When he returned without the girl, Smart said Mitchell told her, "That we were not prepared enough to receive another wife and that our faith needed to be stronger."
Mitchell also told her that a person snoring in the house had moved when he opened the door and he had been scared away.
At one point, Mitchell showed Smart a newspaper clipping with her parents photo and asked her if she was surprised they hadn't given up, according to Smart.
Smart's testimony also detailed how Mitchell one day decided that it was time for her to "sever all ties with the world."
"He said that I needed to destroy my pajamas and he said that I could choose how I destroy them and so I decided to burn them because he suggested I just cut them up. I didn't want to cut them up because I didn't have the heart to cut them up," said Smart.
Smart secretly saved a safety pin from her pajamas and a piece of her tennis shoe before eventually tossing them aside for fear of Mitchell finding them.
"I didn't want to let go of my family, of my life," said Smart.
Mitchell even insisted that she remove any remnants of toe nail polish, said Smart.
"He said that I couldn't have any sort of mark or sign that I was Elizabeth Smart," she said.
Smart was instructed to refer to her parents by their first names, not by "mom and dad," and that she also had to go by a different name. She chose the biblical name "Esther," Smart told the court, after resisting Mitchell's attempt to call her "Shear-Jashub," from the book of Isaiah.
Spending her first days in captivity tied with a metal cable to a tree, Mitchell eventually untethered Smart, according to the 23-year-old.
The cable, shown in the courtroom today, still appeared dirty from what Smart told the jurors was a result of "being around the tree."
"The next day he took the bolt cutters out and cut the cable off my ankle," she said. "He said even though you have this cable off your ankle now that doesn't change the fact that you will be killed if you try to escape."
After he cut the cable, sleeping arrangements changed so bodies were parallel to tent door. Smart was furthest away so she would have had to climb over Mitchell and Wanda Barzee if she had wanted to escape.
Mitchell would also insist that Smart be frequently naked, she testified.

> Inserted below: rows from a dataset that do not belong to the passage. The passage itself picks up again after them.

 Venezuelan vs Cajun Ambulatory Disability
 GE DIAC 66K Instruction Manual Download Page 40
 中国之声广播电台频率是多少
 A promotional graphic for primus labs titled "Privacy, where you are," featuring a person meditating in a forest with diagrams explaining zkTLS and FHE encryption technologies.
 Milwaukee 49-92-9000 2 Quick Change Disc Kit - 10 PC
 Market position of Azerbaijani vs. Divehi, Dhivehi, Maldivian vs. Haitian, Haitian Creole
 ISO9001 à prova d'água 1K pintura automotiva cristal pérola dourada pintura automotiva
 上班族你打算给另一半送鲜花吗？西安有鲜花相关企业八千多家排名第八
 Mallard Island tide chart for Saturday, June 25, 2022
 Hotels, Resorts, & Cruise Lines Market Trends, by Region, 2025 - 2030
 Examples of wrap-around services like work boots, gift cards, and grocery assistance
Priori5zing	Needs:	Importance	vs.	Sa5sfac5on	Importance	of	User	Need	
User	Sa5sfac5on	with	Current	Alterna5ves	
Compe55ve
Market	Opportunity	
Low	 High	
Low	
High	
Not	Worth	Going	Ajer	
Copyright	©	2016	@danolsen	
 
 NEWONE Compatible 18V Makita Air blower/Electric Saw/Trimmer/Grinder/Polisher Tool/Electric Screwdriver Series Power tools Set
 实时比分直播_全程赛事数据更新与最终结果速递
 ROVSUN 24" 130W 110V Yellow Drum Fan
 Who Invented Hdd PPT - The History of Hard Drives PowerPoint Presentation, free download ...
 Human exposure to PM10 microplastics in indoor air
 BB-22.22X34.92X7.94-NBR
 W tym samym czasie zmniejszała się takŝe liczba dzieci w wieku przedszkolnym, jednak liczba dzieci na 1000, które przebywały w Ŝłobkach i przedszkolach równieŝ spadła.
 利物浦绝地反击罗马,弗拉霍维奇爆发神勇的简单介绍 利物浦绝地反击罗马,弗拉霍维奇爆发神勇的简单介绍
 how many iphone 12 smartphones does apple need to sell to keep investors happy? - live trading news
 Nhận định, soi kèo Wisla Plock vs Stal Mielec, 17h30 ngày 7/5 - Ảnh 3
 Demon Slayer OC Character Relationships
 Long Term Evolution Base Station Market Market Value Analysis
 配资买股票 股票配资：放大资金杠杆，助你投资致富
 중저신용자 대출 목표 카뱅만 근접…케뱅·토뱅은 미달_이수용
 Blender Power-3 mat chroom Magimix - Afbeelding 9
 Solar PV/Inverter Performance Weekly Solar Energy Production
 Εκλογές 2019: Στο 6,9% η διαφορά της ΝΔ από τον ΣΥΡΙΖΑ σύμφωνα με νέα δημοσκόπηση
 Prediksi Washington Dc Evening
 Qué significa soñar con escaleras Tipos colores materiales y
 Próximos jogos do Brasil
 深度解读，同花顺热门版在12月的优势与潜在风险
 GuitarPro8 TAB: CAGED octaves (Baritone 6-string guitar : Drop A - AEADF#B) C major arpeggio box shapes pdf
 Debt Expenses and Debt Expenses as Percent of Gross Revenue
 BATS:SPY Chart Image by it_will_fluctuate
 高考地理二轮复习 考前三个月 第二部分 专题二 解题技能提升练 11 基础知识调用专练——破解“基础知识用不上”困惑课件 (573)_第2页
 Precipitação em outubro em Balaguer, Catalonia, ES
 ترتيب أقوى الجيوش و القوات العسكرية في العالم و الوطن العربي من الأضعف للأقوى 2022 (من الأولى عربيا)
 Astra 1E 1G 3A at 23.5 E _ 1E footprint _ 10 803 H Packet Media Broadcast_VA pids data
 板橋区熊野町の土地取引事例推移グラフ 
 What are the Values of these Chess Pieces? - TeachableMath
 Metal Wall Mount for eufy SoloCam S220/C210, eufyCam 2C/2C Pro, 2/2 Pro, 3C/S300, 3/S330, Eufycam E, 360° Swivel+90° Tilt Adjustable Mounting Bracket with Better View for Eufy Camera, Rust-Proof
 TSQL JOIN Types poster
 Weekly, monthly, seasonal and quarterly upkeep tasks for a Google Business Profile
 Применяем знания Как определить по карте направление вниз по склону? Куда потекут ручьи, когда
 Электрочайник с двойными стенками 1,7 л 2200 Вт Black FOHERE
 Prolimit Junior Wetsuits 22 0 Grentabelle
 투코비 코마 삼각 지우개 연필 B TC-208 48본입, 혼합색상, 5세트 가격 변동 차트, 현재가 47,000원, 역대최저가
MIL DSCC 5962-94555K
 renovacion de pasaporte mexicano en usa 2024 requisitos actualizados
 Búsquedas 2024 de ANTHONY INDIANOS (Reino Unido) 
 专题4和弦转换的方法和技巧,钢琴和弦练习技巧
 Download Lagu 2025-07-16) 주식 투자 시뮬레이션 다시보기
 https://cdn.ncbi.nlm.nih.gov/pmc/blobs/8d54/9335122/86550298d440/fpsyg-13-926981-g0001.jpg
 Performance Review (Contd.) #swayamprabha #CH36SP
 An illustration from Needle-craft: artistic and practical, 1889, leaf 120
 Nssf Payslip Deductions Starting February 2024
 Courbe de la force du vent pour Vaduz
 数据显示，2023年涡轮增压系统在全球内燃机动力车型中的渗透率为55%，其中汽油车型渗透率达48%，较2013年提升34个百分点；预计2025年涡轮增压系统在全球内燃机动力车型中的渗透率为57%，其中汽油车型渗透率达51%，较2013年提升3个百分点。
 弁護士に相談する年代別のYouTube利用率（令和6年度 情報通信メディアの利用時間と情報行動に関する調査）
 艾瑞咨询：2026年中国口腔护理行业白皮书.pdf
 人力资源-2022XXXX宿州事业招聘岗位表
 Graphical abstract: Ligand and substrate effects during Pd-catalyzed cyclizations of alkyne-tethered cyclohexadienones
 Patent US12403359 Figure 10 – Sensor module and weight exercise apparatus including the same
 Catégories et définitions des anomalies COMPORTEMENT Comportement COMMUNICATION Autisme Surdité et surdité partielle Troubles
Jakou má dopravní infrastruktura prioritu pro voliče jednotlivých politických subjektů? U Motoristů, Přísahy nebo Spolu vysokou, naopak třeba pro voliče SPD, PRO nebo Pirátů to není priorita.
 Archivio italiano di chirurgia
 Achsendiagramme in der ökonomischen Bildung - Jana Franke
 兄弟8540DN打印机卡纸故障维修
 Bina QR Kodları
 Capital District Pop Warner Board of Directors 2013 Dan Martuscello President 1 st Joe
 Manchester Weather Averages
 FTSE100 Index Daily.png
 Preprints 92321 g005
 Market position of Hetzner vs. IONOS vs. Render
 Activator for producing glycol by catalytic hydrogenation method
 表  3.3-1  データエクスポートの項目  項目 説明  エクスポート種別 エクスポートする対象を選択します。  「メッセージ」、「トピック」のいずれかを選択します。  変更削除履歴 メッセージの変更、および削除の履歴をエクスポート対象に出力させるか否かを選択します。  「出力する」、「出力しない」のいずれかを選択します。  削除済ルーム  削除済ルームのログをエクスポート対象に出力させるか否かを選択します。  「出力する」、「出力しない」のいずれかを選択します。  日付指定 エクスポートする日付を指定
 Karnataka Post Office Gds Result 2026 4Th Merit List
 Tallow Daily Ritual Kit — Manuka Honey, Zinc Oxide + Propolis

When she was allowed to get dressed, she often had to wear a sunglasses and a wig to avoid being forced to dye her hair.
"It's ugly, bad quality, grey, curly," Smart said of the wig.
The first time Smart was allowed to accompany Mitchell and Barzee to Salt Lake City, they went to a big "rave type party," Smart said.
"It was a place with black lights, loud music," she said. "There was a lot of drinking and drugs and just a lot of people that I didn't know."
Smart recalls Mitchell instructing her "not to talk to anyone," and threatening her with her life if she disobeyed.
Later, Mitchell would take Smart to the Salt Lake City library, telling her that he "needed to find a new city for a new wife."